Mattheson must have felt an odd sense of déjà vu at this time, having written an opera based on the life of Boris Godunov just a few years earlier. In 1710, the life and legacy of Tsar Boris was still fresh in the minds of many Europeans. It had only been a little over 125 years since Ivan the Terrible died, leaving just one legitimate son, Fyodor, to inherit the throne. With the “feeble-minded” Fyodor unfit to rule on his own, Boris—whose own sister was married to the young tsar—was appointed to a “regency council” established to help run the country without threatening the divine right of kings. After the death of other council members, Boris became the tsar in all but name. All he had to do was wait for the childless Fyodor to die as well. As the full title of Mattheson’s “Boris Goudenow, or The Throne Attained Through Cunning, or Honor Joined Happily With Affection” would suggest, the action of his opera takes place in this quasi-interregnum between the death of Ivan the Terrible and the coronation of Boris Godunov.

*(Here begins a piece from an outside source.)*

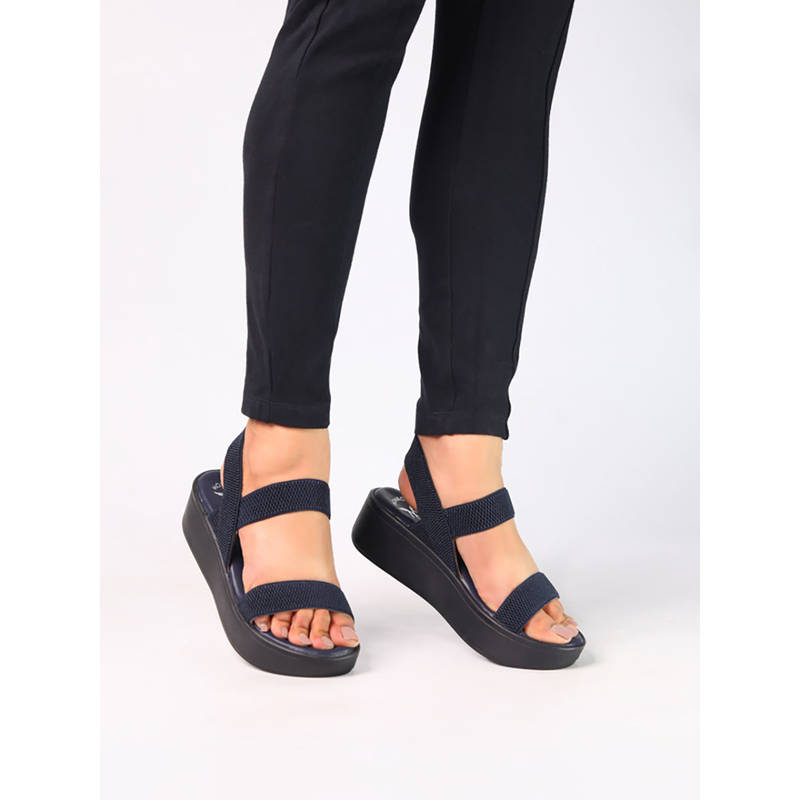 Monrow Elodie Navy Blue Platform Sandals (EURO 36)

And here’s where my brain starts to break. Knowing the opening of Mussorgsky’s more famous take on the tsar, the kidney-shaking clamor of Orthodox church bells combined with Boris’s first line professing the sadness of his soul, I’m met with expectational whiplash when Mattheson’s overture sounds more like “Alcina” than “Khovanshchina.” The baroque optimism of the opening chorus is, likewise, unclouded by the smoke of incense and famine: “Supreme days of happiness with love and peace serving as our wisest counsel. Division, partition, self-interest: here unity defies you and serves our will.”
Sure, Jan.
Of course, Mattheson was a few centuries ahead of Alexander Pushkin’s “Boris Godunov,” the “Henry IV”-like source material for Mussorgksy’s opera. While the German composer’s final opera was, by happenstance, based on the same Shakespeare play that informed Pushkin’s drama, he didn’t apply a comparative literary lens to his Boris. There again, Pushkin’s dramatization of Boris’s life was burdened by its own bias—or, perhaps more accurately, the bias of Pushkin’s personal censor, Tsar Nicholas I. (For this same reason, the character of Ivan Mazepa in Pushkin’s narrative poem, “Poltava,” does not come across as the hero of the story in the same way that he does in Ukrainian history books.)

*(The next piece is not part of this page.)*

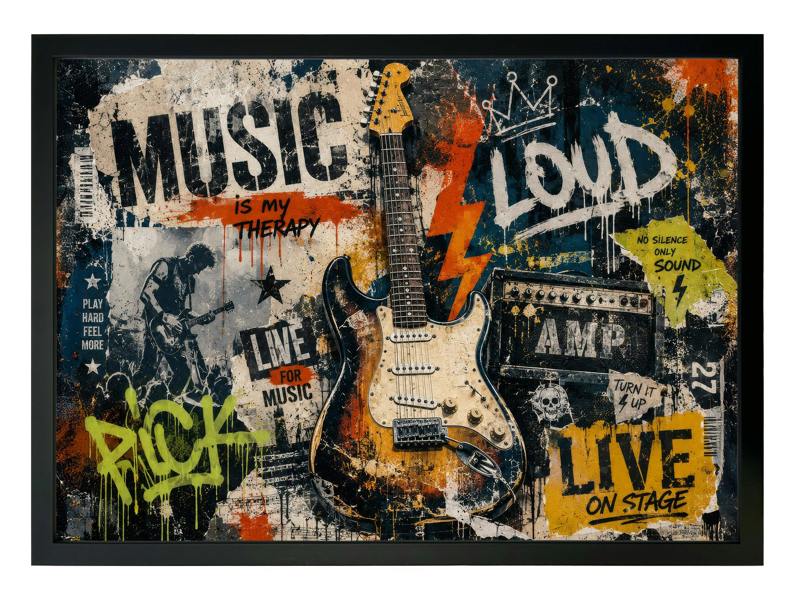 Exceptional Art The Guitar Strat Graffiti - Slim Black Frame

Mattheson, whose “Boris” is dedicated “to Mr. Johann Wich, His Royal Majesty of Great Britain’s Extraordinary Ambassador, to the Most Serene Highnesses and Lords, the Dukes of Holstein and Mecklenburg, and to the capitals of the District of Lower Saxony, Landgrave of the Two Caroli- nas etc., to my Most Gracious Lord and Maecenas,” likewise knew which side of his brötchen was buttered. His opera is wise about power—“Gemstones that adorn the crown cover an inner blaze; hands that grasp the scepter hold a dangerous pledge,” sings a decidedly un-feeble Tsar Fyodor in Act I—but it also paints Boris not as a despot, but rather a cunning politician. “‘Upward!’ shall always be my motto,” the once and future tsar sings in Act I. “Majesty means twofold pleasure when craft knows the path and cleverly furthers our goal.” When the opera ends in Boris’s coronation, the event comes after he demurs in earlier discussions over who is to succeed Fyodor. (“Seldom will he be granted what he strongly desires, but often he’ll be offered what he seems to refuse,” Boris tells us in a “Richard III”-like aside.) His soul isn’t sad, it’s sated.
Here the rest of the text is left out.